**What the exercise asks**: Repeat the records below exactly from the line containing "All right, so" to the line containing "The second topic", taking in both of those lines. Drop the pictures.

**Material supplied**:
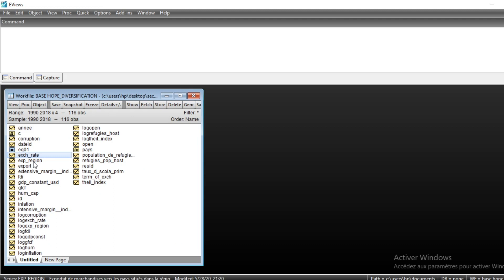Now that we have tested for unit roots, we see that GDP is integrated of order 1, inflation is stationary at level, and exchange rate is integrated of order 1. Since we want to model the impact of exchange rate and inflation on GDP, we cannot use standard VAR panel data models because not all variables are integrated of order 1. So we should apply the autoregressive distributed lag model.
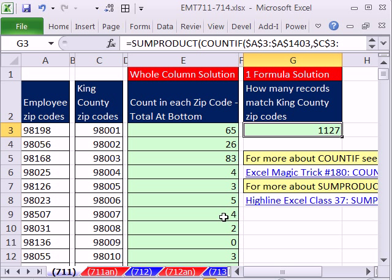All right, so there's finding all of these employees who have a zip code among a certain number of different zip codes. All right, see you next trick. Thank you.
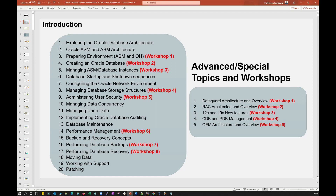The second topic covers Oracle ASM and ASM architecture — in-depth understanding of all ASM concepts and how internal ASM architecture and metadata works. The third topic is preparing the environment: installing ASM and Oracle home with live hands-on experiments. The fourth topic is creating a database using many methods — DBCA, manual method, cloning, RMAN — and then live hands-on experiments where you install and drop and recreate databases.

...

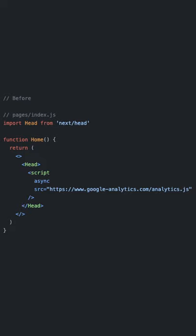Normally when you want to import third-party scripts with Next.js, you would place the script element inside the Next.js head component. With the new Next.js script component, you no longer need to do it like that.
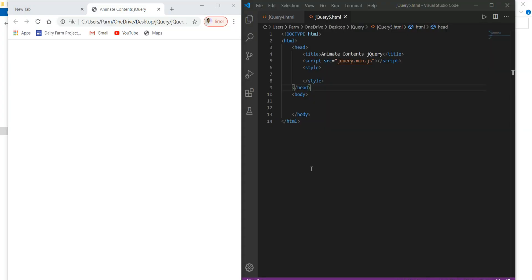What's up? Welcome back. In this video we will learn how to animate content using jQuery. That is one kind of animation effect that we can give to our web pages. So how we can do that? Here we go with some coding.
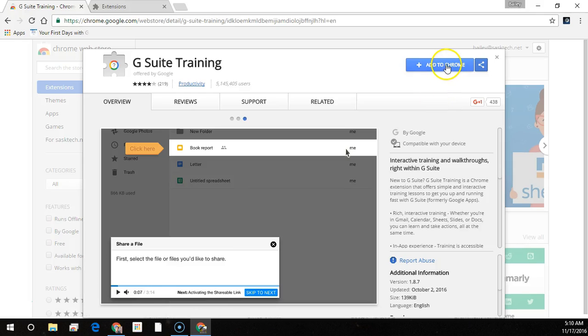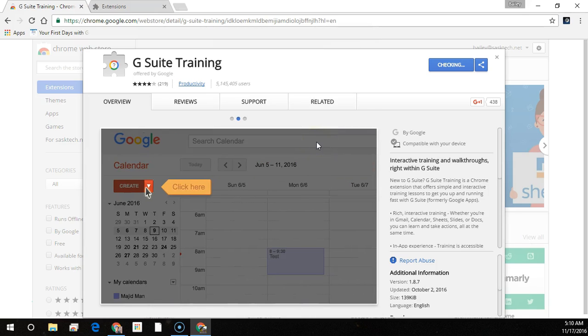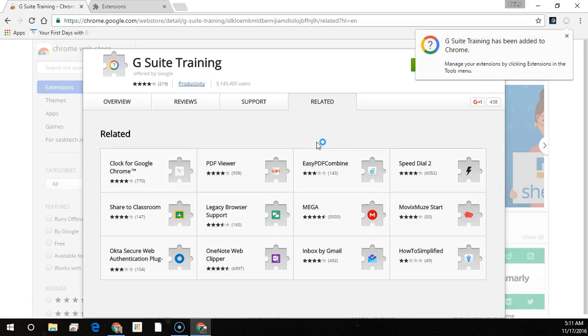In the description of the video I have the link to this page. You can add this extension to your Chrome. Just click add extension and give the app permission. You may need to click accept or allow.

**Response area**:
All right, so there's finding all of these employees who have a zip code among a certain number of different zip codes. All right, see you next trick. Thank you.
The second topic covers Oracle ASM and ASM architecture — in-depth understanding of all ASM concepts and how internal ASM architecture and metadata works. The third topic is preparing the environment: installing ASM and Oracle home with live hands-on experiments. The fourth topic is creating a database using many methods — DBCA, manual method, cloning, RMAN — and then live hands-on experiments where you install and drop and recreate databases.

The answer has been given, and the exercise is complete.